Jéssica diz que não conhece a ouvidoria da rede, mas conta que nunca pensou em trabalhar em uma equipe tão divertida quanto a que está hoje e que tem o apoio da gerente da loja para resolver qualquer questão que possa surgir. "Em geral não é complicado, mas alguns clientes ainda não respondem quando eu falo com eles, por exemplo, e isso é chato… Mas também tem clientes que vêm e me pedem ajuda, chegam falando meu nome. E eu sou forte, sou honesta, simples e tenho vários sonhos para realizar aqui dentro ainda", comenta.
"Todos nós somos únicos e diferentes. Em alguns grupos, você vai ser a pessoa diferente, em outros não. Falar de diversidade e inclusão não é falar sobre o outro, é falar de você também", reforça Fernando.

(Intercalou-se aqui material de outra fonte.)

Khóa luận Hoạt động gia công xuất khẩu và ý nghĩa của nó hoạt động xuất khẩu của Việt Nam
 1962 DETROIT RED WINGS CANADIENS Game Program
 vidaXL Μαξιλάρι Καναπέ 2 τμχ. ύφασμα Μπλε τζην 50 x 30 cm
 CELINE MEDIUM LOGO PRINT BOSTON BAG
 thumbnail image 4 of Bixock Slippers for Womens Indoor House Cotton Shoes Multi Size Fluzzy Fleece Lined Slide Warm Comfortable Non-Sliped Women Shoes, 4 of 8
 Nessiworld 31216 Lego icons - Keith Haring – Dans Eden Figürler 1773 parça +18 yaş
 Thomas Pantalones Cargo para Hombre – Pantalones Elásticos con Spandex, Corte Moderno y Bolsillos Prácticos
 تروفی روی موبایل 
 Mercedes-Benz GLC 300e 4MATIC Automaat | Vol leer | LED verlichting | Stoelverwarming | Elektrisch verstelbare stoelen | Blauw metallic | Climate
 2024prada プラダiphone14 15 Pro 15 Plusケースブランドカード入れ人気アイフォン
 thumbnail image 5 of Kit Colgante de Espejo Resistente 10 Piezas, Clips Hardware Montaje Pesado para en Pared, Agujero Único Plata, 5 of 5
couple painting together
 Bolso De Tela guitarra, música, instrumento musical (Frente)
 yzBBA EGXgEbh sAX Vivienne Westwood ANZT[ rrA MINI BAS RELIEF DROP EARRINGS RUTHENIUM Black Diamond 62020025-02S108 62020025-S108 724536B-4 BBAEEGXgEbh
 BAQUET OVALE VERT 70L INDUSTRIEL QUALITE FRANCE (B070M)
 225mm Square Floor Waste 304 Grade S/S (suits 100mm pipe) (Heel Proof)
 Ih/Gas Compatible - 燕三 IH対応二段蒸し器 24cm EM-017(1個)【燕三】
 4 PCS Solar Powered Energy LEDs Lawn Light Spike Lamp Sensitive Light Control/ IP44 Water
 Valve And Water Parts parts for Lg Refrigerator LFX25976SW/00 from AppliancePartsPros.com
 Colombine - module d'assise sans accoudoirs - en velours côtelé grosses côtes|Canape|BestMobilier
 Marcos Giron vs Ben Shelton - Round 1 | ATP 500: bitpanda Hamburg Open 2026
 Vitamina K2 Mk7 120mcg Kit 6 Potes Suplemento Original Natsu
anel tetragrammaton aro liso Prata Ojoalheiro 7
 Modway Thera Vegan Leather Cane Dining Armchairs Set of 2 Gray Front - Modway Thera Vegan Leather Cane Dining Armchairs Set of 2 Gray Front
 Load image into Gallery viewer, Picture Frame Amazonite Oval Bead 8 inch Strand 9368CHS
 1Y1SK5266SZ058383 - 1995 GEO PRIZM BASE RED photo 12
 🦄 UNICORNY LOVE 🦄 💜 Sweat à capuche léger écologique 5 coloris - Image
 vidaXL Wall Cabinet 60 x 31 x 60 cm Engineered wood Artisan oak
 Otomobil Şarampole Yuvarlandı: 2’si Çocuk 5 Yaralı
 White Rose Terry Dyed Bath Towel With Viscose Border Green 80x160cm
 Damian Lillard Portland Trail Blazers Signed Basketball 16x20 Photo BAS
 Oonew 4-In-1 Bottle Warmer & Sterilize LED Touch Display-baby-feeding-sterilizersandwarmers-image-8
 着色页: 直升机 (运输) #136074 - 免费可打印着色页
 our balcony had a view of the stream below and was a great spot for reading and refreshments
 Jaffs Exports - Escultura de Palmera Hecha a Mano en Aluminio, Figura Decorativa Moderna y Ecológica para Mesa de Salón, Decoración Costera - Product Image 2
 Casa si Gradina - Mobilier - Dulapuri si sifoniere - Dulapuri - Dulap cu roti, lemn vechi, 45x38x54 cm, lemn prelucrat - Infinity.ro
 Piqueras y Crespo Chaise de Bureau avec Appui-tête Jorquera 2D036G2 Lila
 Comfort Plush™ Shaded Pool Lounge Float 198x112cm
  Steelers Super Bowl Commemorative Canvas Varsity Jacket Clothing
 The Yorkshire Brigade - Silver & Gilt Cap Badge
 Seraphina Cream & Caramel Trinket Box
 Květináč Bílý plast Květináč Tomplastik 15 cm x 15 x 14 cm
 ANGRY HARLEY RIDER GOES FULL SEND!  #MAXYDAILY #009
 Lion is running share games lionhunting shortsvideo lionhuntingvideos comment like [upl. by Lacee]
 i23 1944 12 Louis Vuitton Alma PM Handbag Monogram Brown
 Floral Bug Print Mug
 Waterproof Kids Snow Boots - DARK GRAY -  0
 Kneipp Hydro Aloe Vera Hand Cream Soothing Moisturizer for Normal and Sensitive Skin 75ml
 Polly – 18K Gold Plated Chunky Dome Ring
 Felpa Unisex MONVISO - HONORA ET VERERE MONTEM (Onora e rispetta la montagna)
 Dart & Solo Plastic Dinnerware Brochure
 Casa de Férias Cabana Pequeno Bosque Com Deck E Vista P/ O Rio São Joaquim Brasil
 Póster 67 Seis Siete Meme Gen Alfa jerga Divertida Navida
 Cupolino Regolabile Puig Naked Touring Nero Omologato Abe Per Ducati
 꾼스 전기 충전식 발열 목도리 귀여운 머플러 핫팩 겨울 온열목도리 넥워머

Como participar do programa As pessoas com deficiência interessadas em trabalhar na Drogasil ou na Droga Raia, tanto em lojas quanto em centros de distribuição ou cargos administrativos, devem enviar um e-mail com o currículo completo para ladoalado@rd.com.br. Os candidatos precisam ter concluído, pelo menos, o ensino fundamental e ter mais de 18 anos.
Nesta seção, são publicadas histórias pontuais de boas práticas empresariais, sem levar em consideração outras ações das empresas. As pautas são escolhidas segundo critérios jornalísticos e publicadas após processos rigorosos de apuração, sem nenhum tipo de acordo monetário.